**What is expected**
Print the entries exactly; no image belongs in the copy.

-- Material provided follows --

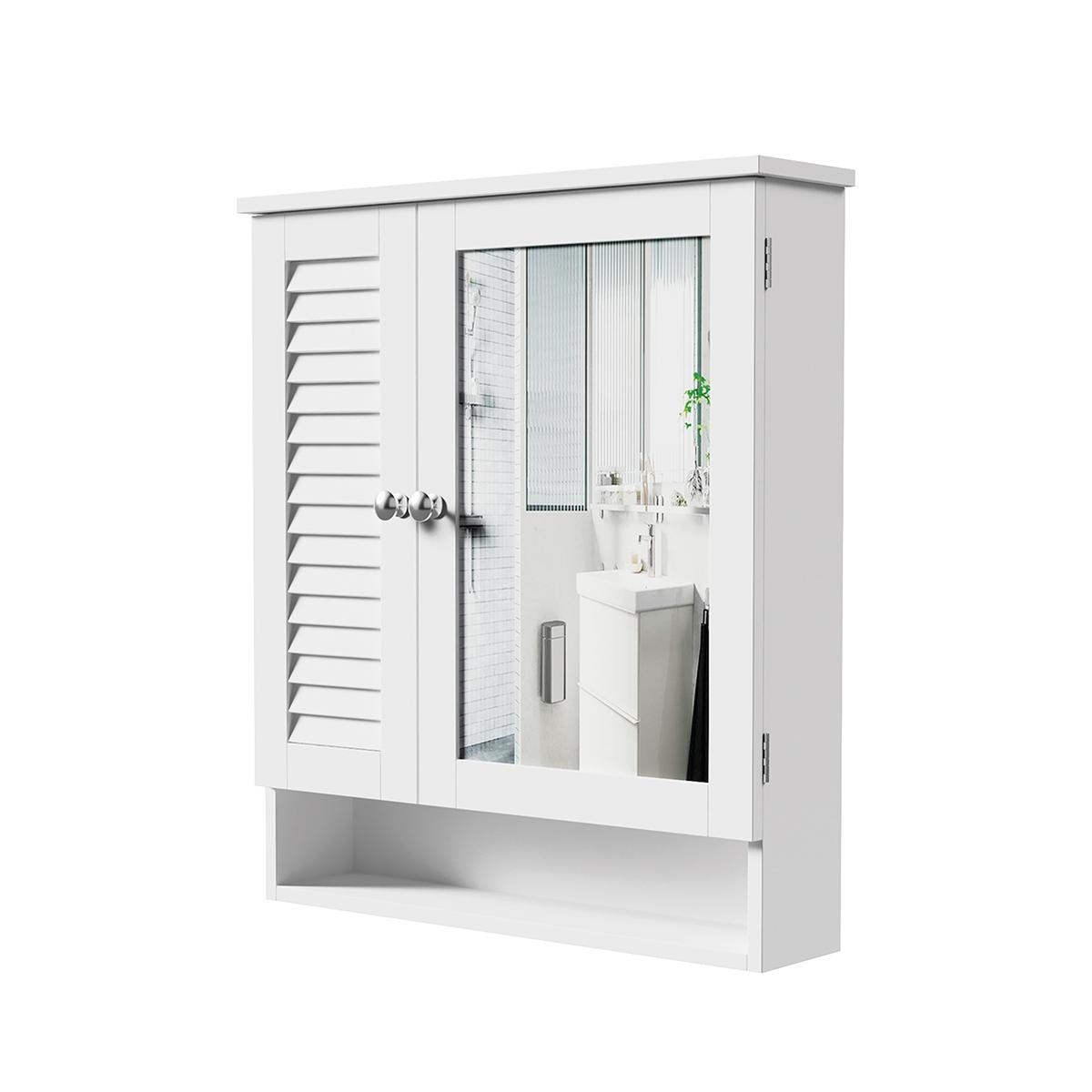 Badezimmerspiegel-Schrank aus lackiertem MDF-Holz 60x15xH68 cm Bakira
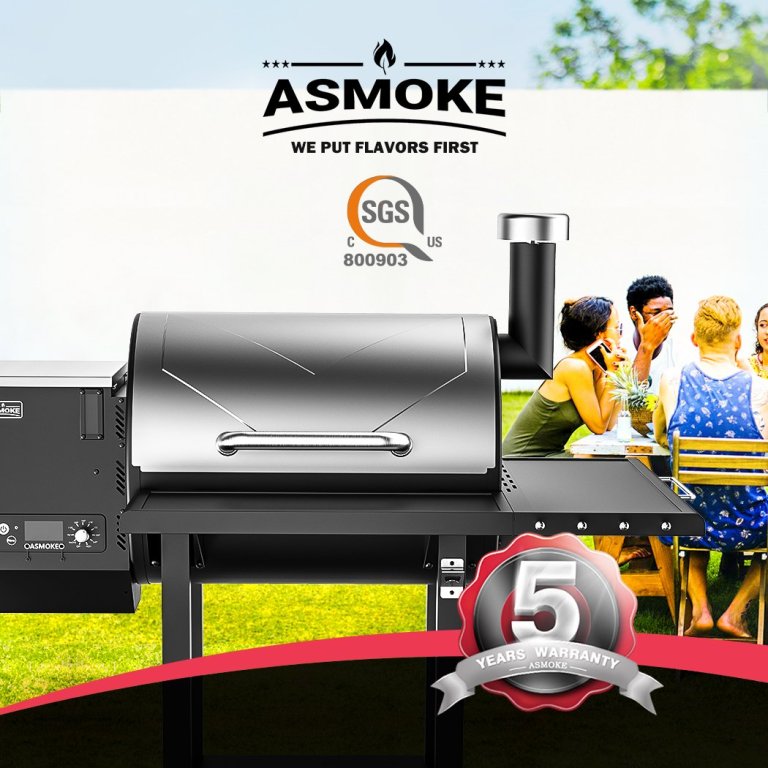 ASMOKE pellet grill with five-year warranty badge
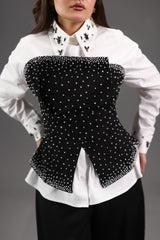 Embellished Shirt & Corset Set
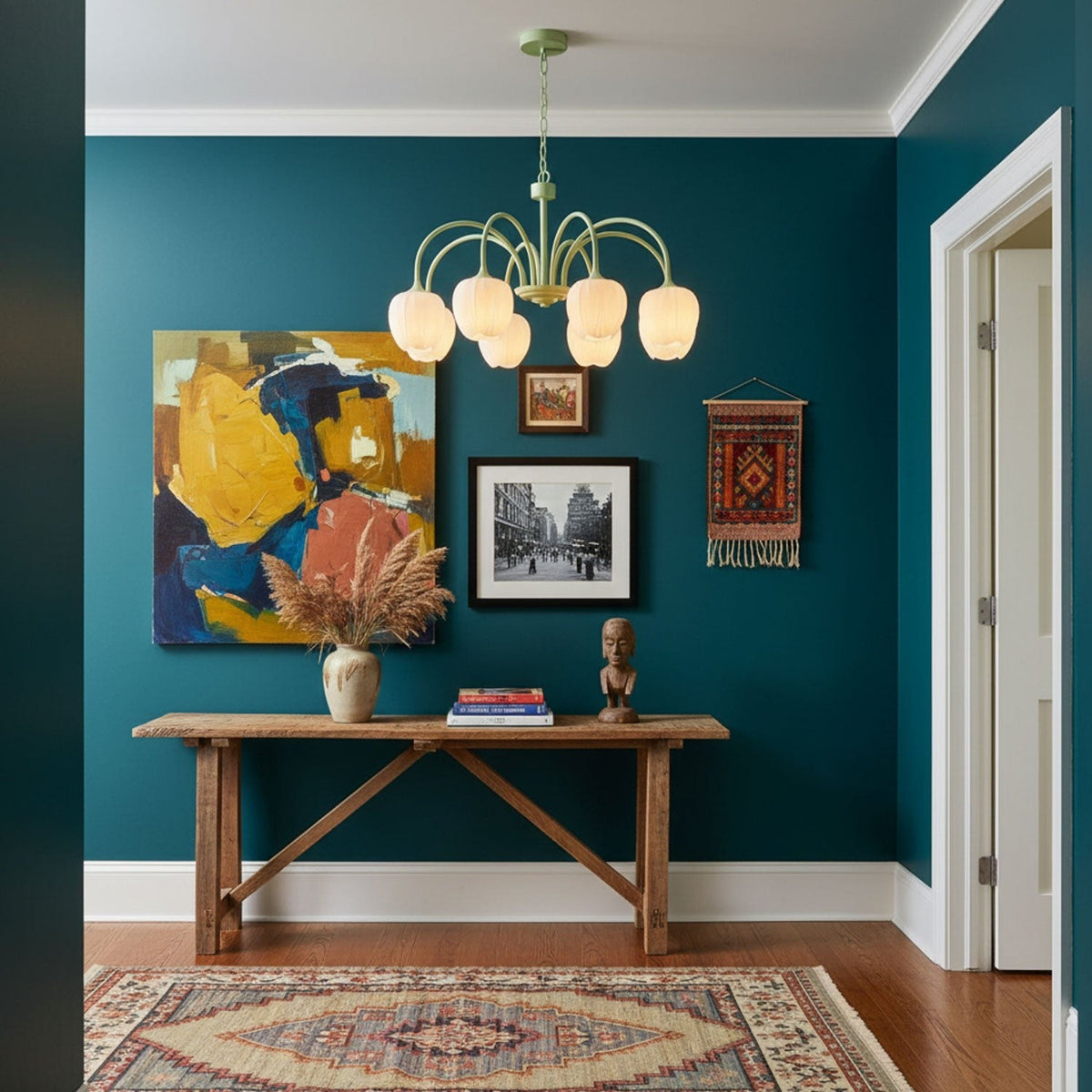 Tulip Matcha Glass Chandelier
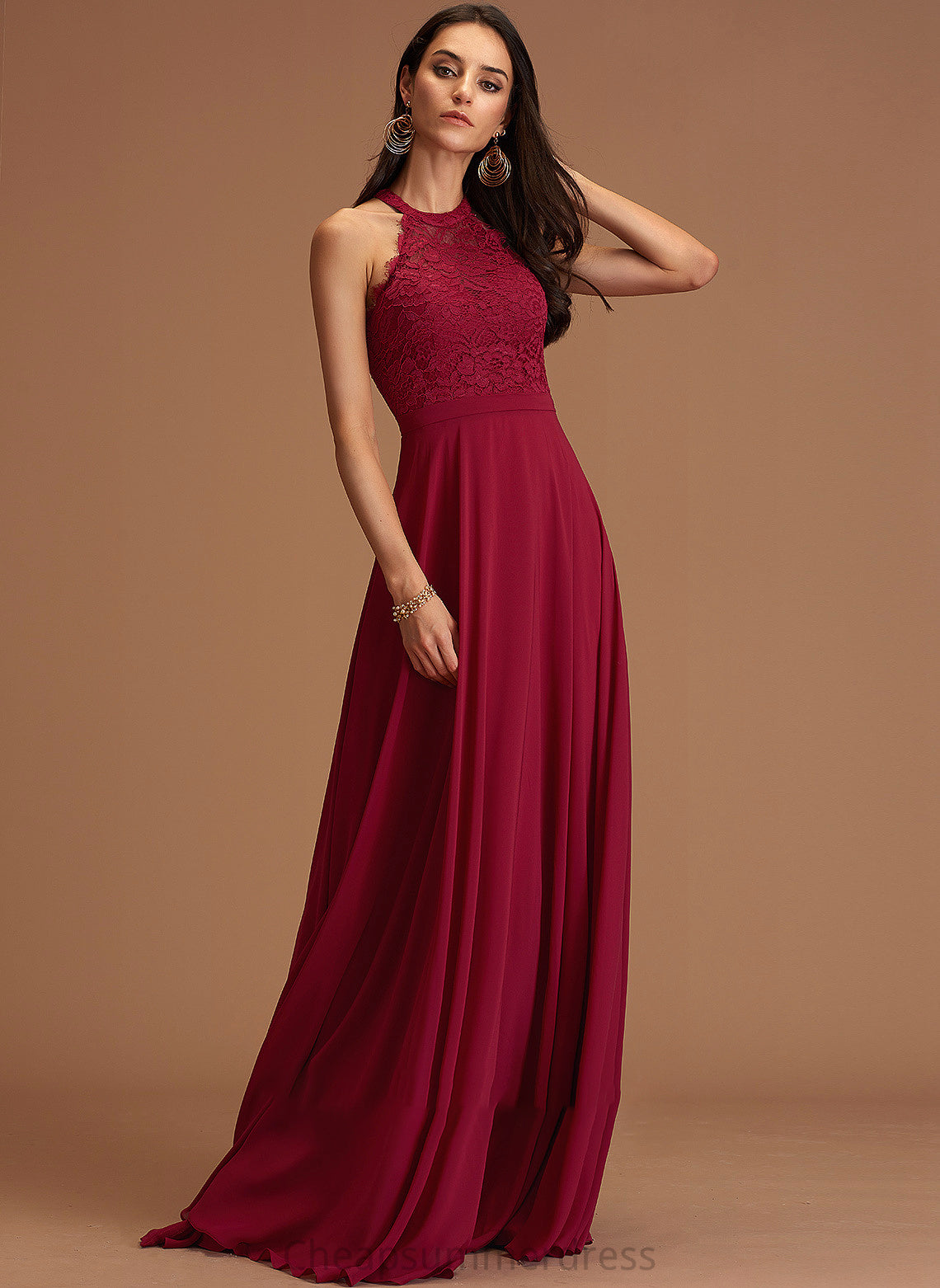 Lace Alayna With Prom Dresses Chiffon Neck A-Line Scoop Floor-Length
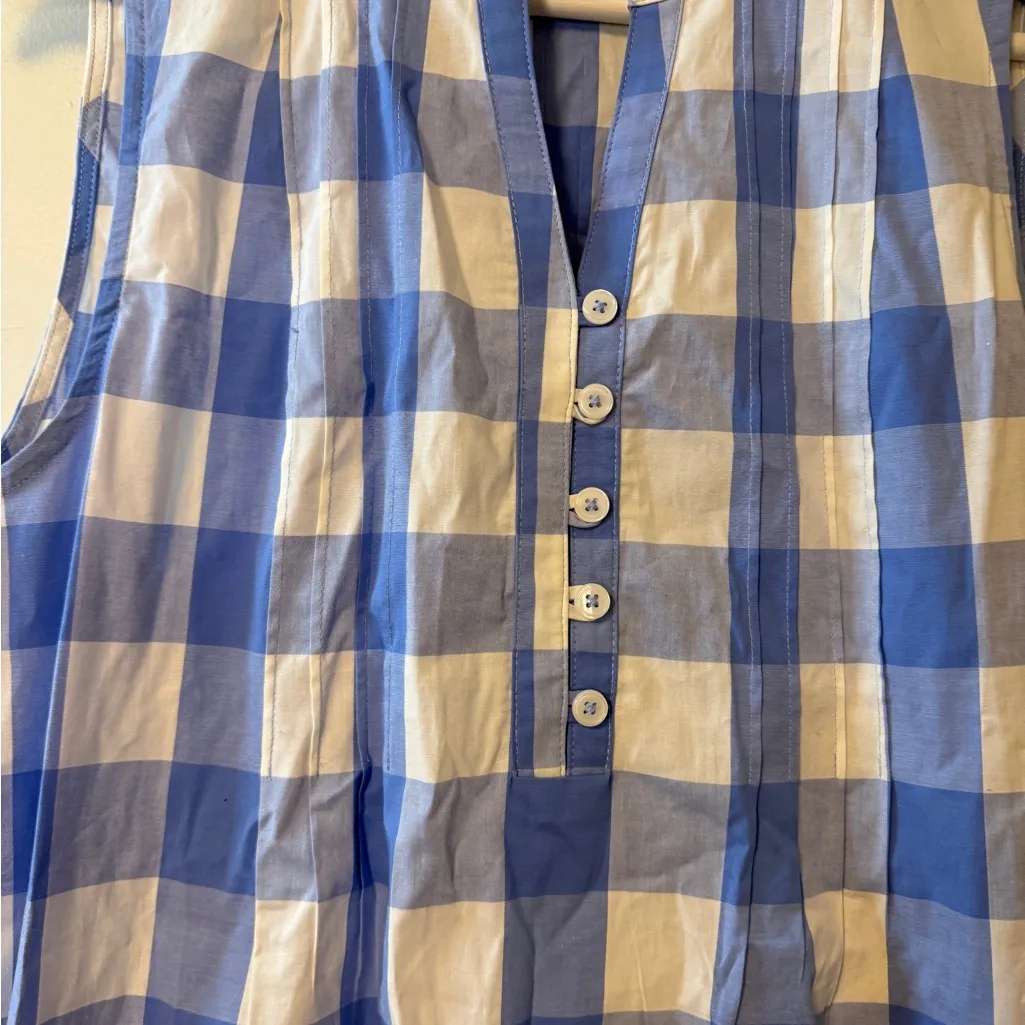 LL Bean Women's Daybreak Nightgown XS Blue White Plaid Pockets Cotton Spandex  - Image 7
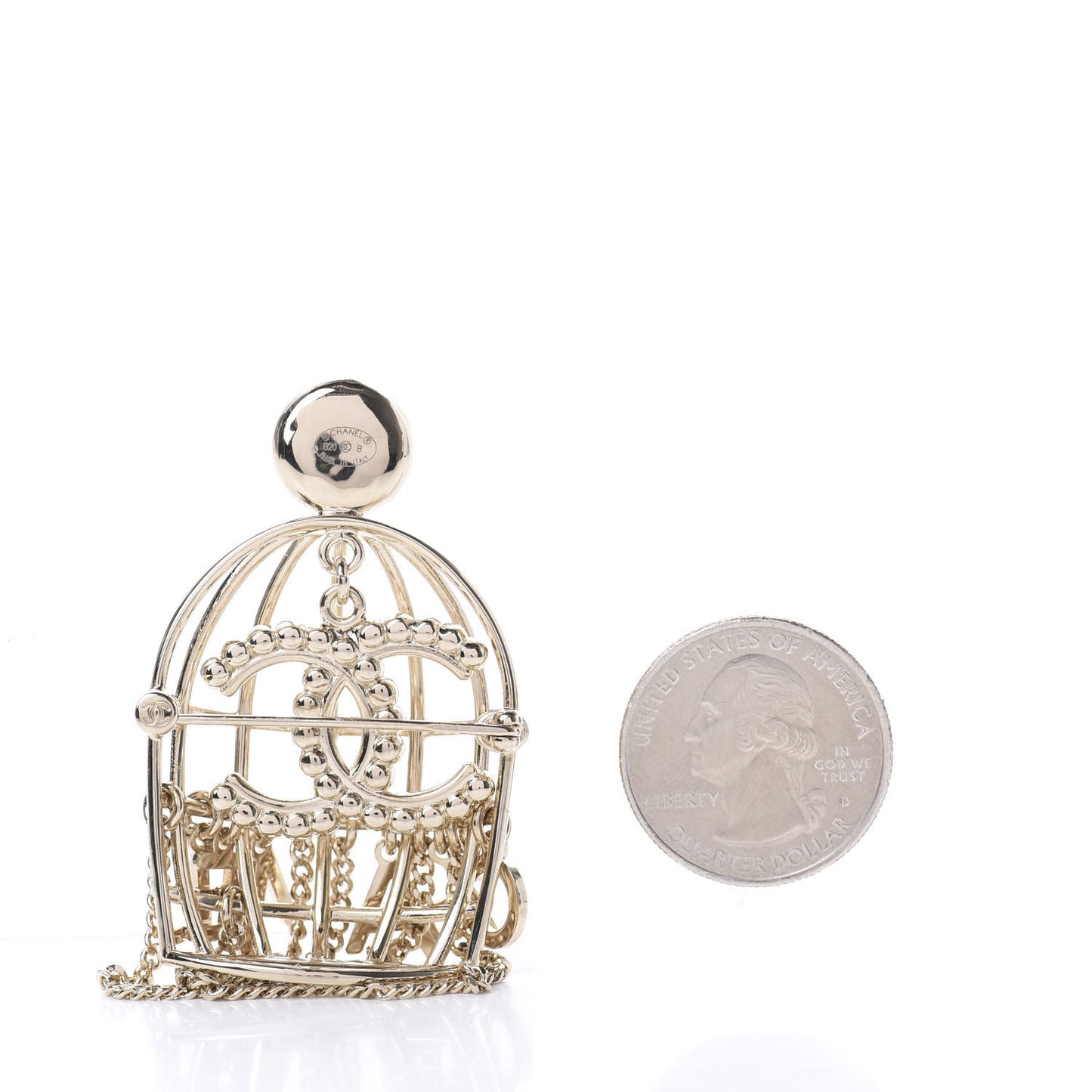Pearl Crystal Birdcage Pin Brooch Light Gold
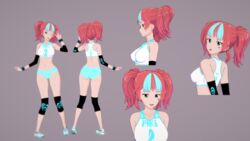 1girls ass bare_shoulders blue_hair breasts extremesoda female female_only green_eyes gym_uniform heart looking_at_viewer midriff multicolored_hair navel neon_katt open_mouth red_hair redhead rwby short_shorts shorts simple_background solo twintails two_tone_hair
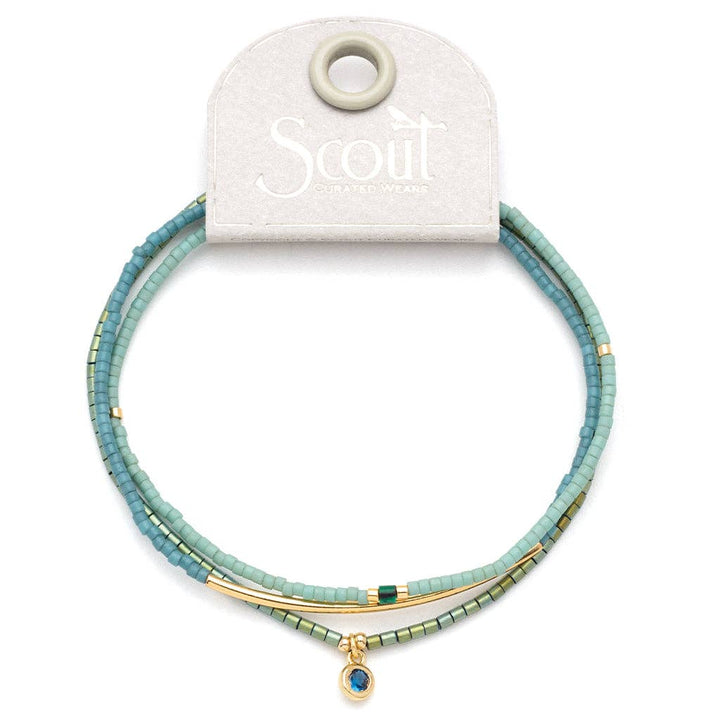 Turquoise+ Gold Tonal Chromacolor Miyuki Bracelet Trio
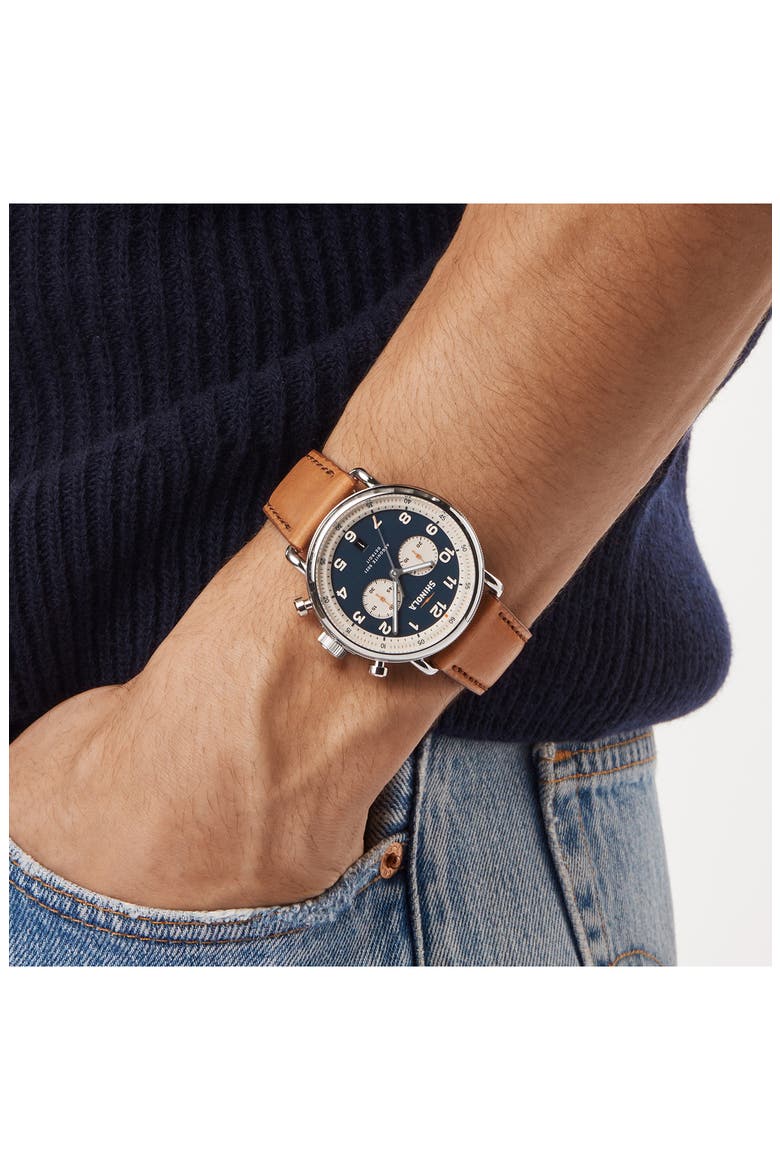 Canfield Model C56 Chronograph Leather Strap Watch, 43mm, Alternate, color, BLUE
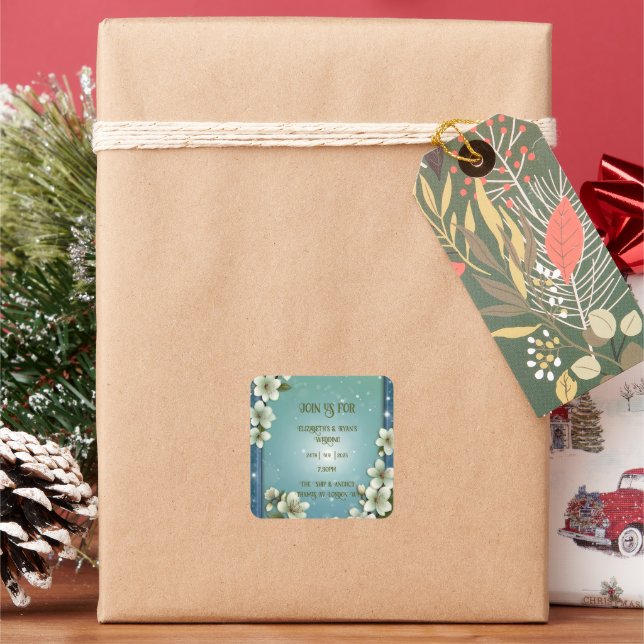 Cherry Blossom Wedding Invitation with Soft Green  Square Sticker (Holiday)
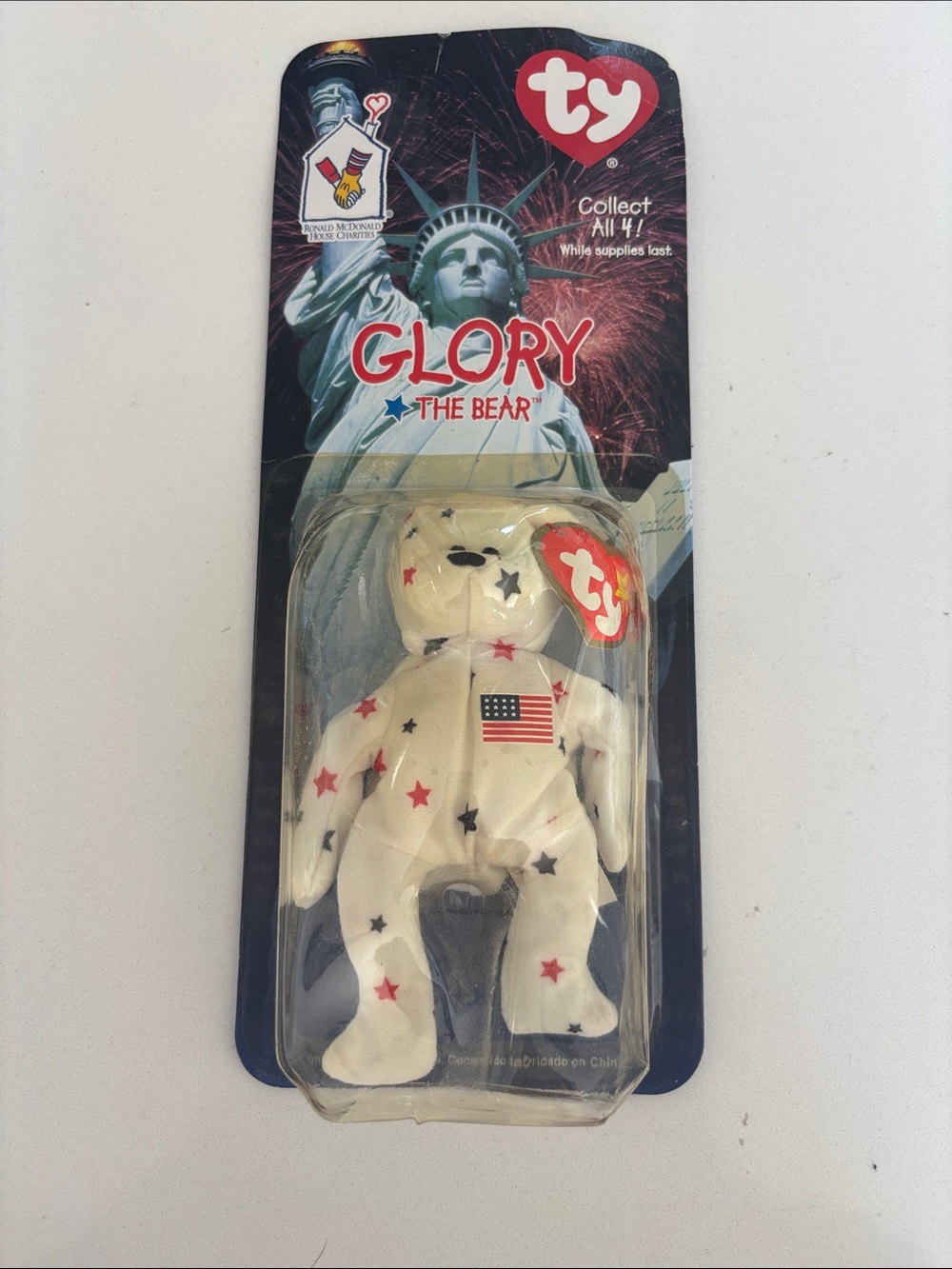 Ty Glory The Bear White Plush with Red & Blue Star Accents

-- Material provided concluded --

**Exercise answer**
 Badezimmerspiegel-Schrank aus lackiertem MDF-Holz 60x15xH68 cm Bakira
 ASMOKE pellet grill with five-year warranty badge
 Embellished Shirt & Corset Set
 Tulip Matcha Glass Chandelier
 Lace Alayna With Prom Dresses Chiffon Neck A-Line Scoop Floor-Length
 LL Bean Women's Daybreak Nightgown XS Blue White Plaid Pockets Cotton Spandex  - Image 7
Pearl Crystal Birdcage Pin Brooch Light Gold
 1girls ass bare_shoulders blue_hair breasts extremesoda female female_only green_eyes gym_uniform heart looking_at_viewer midriff multicolored_hair navel neon_katt open_mouth red_hair redhead rwby short_shorts shorts simple_background solo twintails two_tone_hair
 Turquoise+ Gold Tonal Chromacolor Miyuki Bracelet Trio
 Canfield Model C56 Chronograph Leather Strap Watch, 43mm, Alternate, color, BLUE
 Cherry Blossom Wedding Invitation with Soft Green  Square Sticker (Holiday)
 Ty Glory The Bear White Plush with Red & Blue Star Accents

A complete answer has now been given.